▶ _DATASET SECTION_:
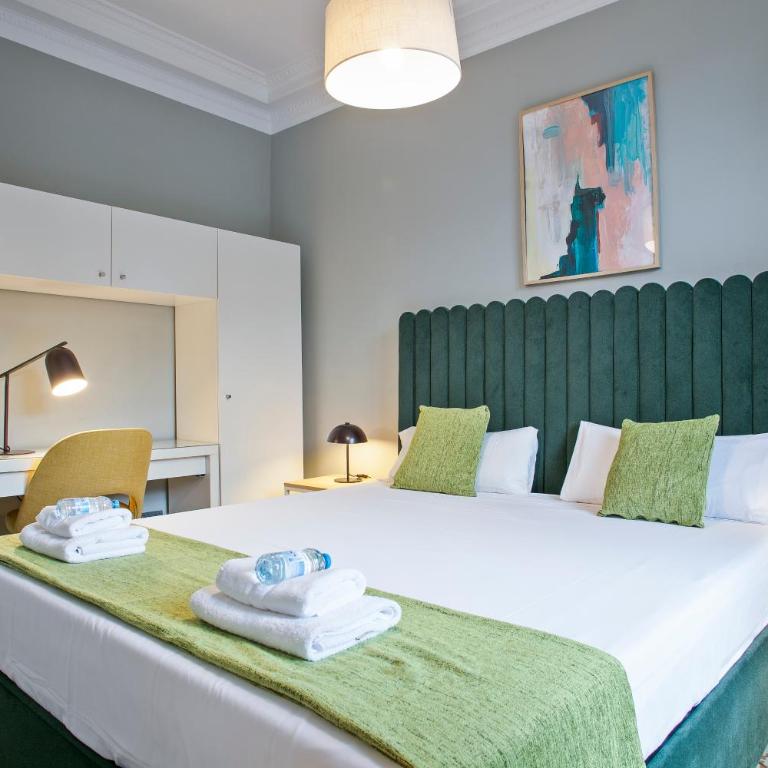 Alcam Entenza - Three-Bedroom Apartment - 2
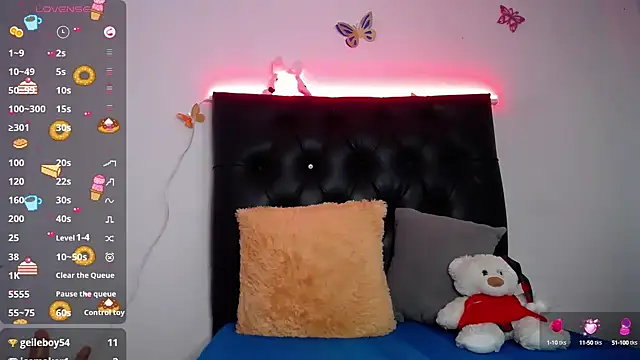 Snapshot of susan_smith18 chatting on 02-27-25, 05:26 susan smith18 online show from 02-27-25, 05:26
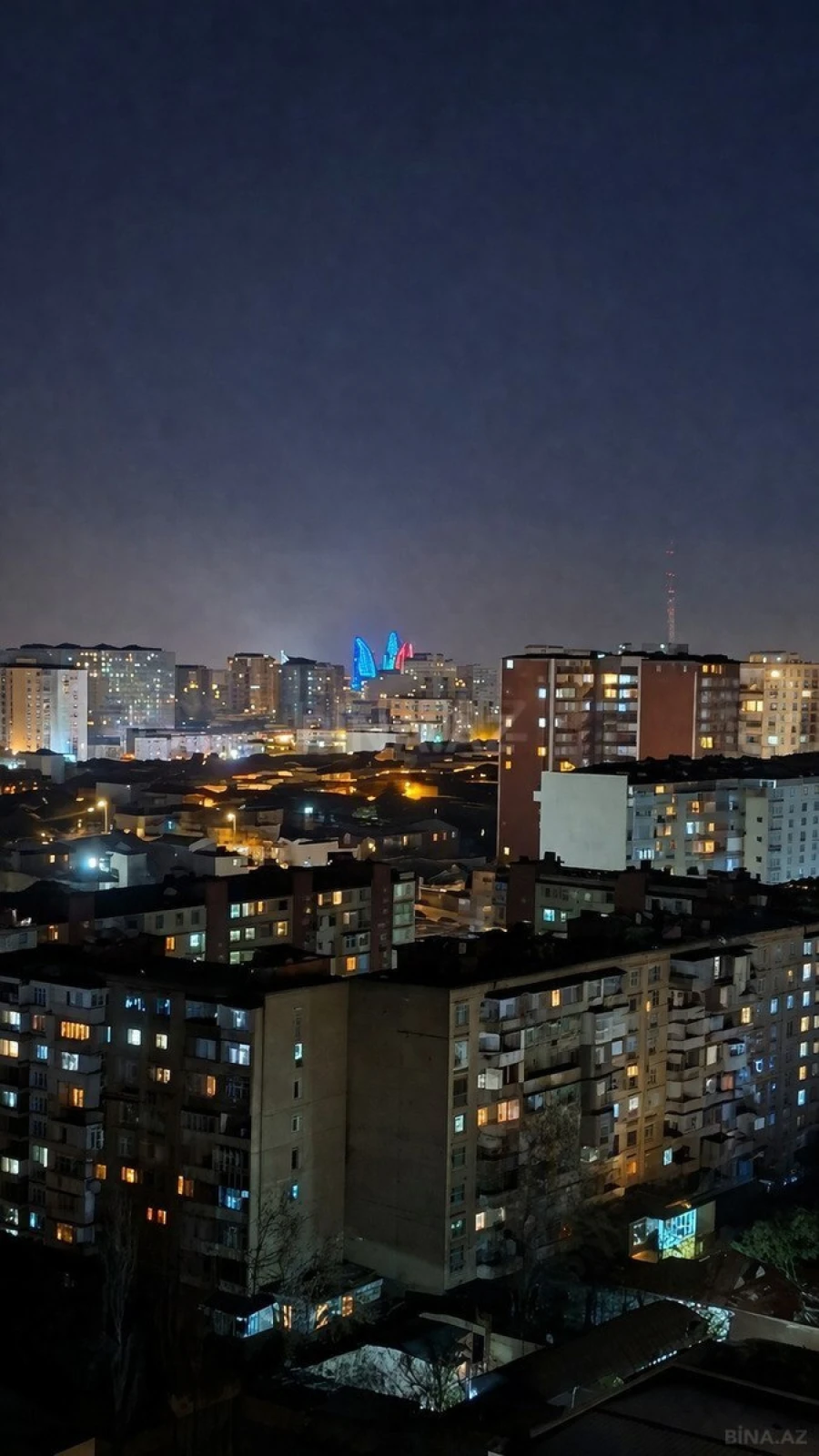 Satılır 2 otaqlı mənzil 65 m²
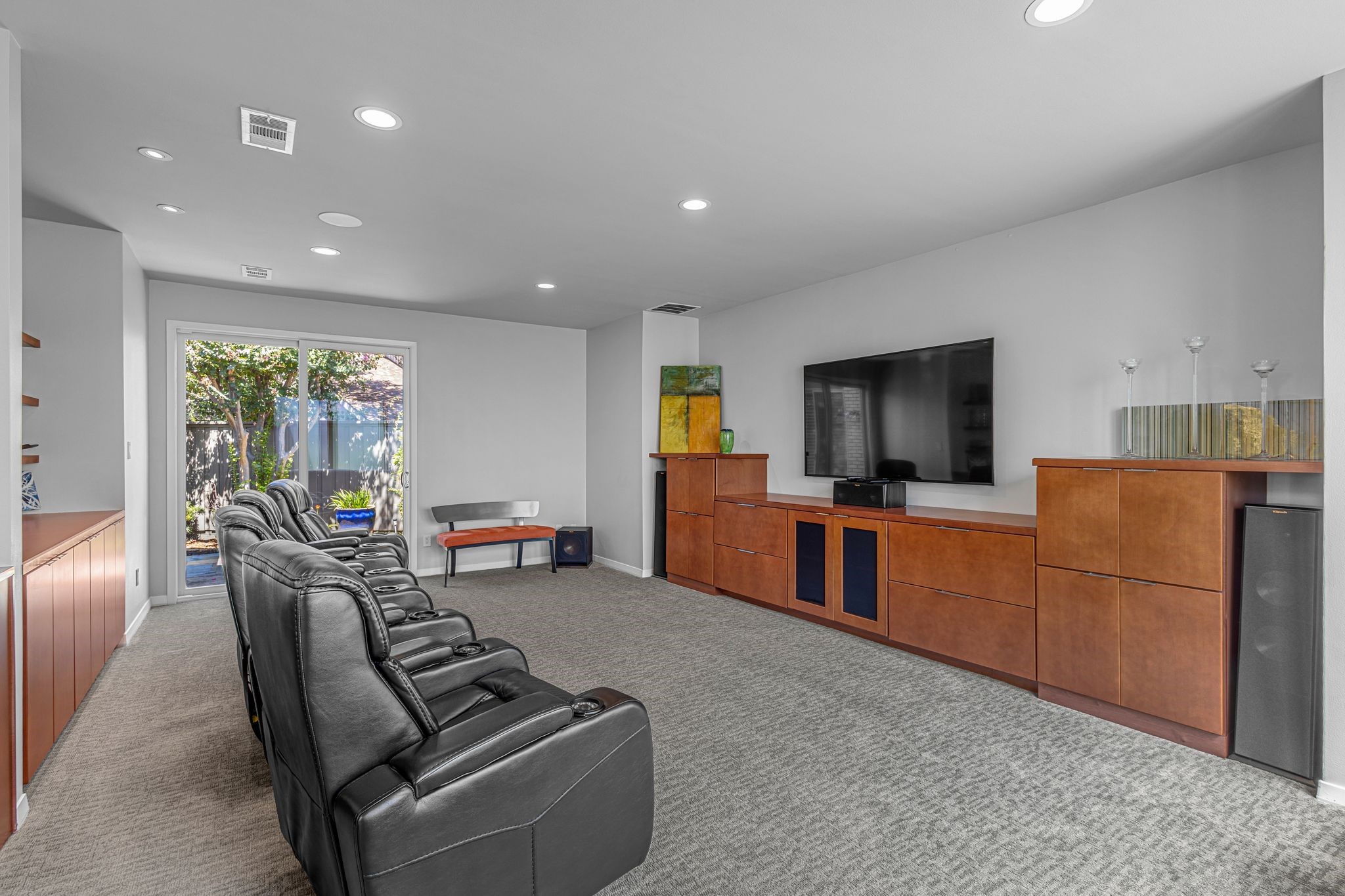 5958 Club Oaks Circle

▶ _TASK TO CARRY OUT_:
Repeat the data above word for word, without pictures.

▶ _FINISHED EXERCISE_:
 Alcam Entenza - Three-Bedroom Apartment - 2
 Snapshot of susan_smith18 chatting on 02-27-25, 05:26 susan smith18 online show from 02-27-25, 05:26
 Satılır 2 otaqlı mənzil 65 m²
 5958 Club Oaks Circle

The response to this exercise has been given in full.